Ils sont plus âgés, mais restent une force avec laquelle il faut compter. Et pourtant, les quinquagénaires et sexagénaires sont traités en parent pauvre par les marketeurs et spécialistes en communication, estime Filip Lemaitre de la plate-forme de recherche et consultance The Silver Ones.

Les stratégies actuelles de marketing et de communication sont axées sur les trentenaires et les quadragénaires, affirme Filip Lemaitre, lui-même dans la cinquantaine. Il a fondé la plate-forme de recherche et de consultance The Silver Ones, qui conseille les entreprises sur la manière de s’adresser aux quinquagénaires et aux sexagénaires. Il déplore la manière dont les marketeurs et les experts en communication traitent ce groupe. “À partir de 55 ans, vous avez droit au ‘marketing gériatrique’, comme je l’appelle. Vous recevez des offres pour des voyages à Benidorm, des appareils auditifs, des produits pour incontinence et des vélos électriques. Cette dernière proposition est sans doute la seule qui tienne la route. Les quinquagénaires et les sexagénaires ne se sentent pas l’âme de seniors et ne veulent pas être traités comme tels. Et pourtant, cela arrive tous les jours. Cette approche est mauvaise et dépassée.”

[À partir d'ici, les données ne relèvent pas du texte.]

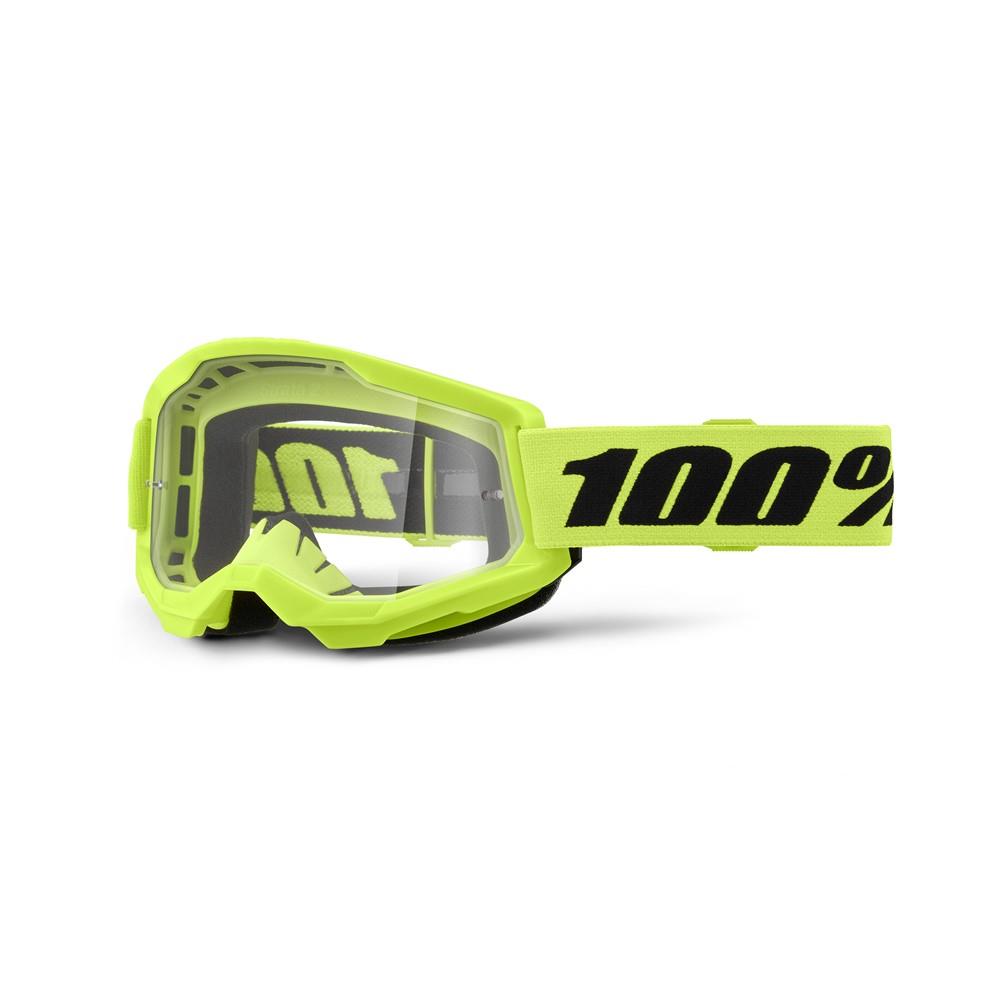 100% Strata 2 Motocross Goggle Neon Yellow - Clear Lens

Les quinquagénaires et sexagénaires d’aujourd’hui sont-ils donc si différents de ceux d’hier ?

Absolument. Le célèbre skater Tony Hawk approche de la cinquantaine. Flea, le bassiste des Red Hot Chili Peppers, a 55 ans. Il est inconcevable de communiquer avec cette génération de la même manière qu’avant. Ces personnes ne se sentent pas vieilles ou refusent carrément de vieillir. Si on leur fait comprendre dans une communication qu’elles ne sont plus toutes jeunes, elles décrochent. Le cycle de vie comprend désormais une phase supplémentaire, aux contours encore flous. J’appelle ses représentants les ‘silver ones’.

Qu’est-ce qui les caractérise ?

C’est précisément la question que tout le monde devrait se poser, y compris dans le retail. Il y a encore beaucoup de choses à apprendre à leur sujet. Une question essentielle à cet égard est : quelle jeunesse ont-ils eue ? C’est à cette période que la plupart des préférences culturelles et éthiques se forment. Par exemple : ils n’ont pas connu la dance électro et les mégadiscothèques des années 80. Tomorrowland, ça les dépasse complètement. Ils ne côtoient pas ce genre d’endroit. Ceci mis à part, et là je vais généraliser, il y a de grandes chances que leur hypothèque soit remboursée, que les enfants aient quitté le nid et que leur pouvoir d’achat soit relativement élevé.

Ce marché recèle donc un beau potentiel pour les entreprises.

Effectivement. Il y a de bonnes affaires à faire pour quiconque fait l’effort de comprendre ce consommateur. Un petit exemple : au sein des couples mariés, l’homme est en général trois à quatre ans plus âgé que son épouse. Cela signifie qu’il prend sa retraite trois ou quatre ans avant elle, et qu’il joue dès lors un rôle plus important dans le ménage. Les distributeurs ne doivent donc plus vendre de produit de lessive à la femme mais à l’homme de la maison. Mais combien de retailers en tiennent compte ? Ce groupe se développe et ses dépenses augmentent. Nous parlons à présent des baby-boomers, mais d’ici dix ans, ce sera au tour de la Génération X d’entrer dans cette phase.

Privilégient-ils davantage la qualité que les autres catégories de consommateurs ?

Ils sont plus critiques vis-à-vis de la qualité. Mais je préfère me montrer prudent quant à la richesse des quinquagénaires et des sexagénaires. Une grande partie de leur patrimoine est investie dans l’immobilier. Cette richesse est aussi très inégalement répartie. Nombre d’entre eux surveillent leurs dépenses. Le prix reste dès lors un paramètre important. Mais c’est une réalité que ce sont plutôt les quadragénaires et les quinquagénaires qui s’achètent une Tesla, et non les jeunes dans la vingtaine ou la trentaine qui ne peuvent qu’en rêver.

Quelle est leur position vis-à-vis de l’e-commerce ?

Ils n’ont pas grandi avec les ordinateurs, ce qui les différencie clairement des autres générations, mais ils ont conscience de leurs avantages. Plus de la moitié des quinquagénaires shoppent en ligne, même si le gros des Belges privilégient toujours le supermarché physique. L’e-commerce est un important outil pour les personnes plus âgées qui souhaitent continuer à vivre de manière autonome lorsque leur mobilité diminue. C’est très important pour elles. Elles ne sont que 1 % – un pour cent ! – à vouloir finir en maison de retraite. La possibilité d’effectuer leurs courses en ligne et de les faire livrer à domicile leur permet de conserver plus longtemps leur indépendance.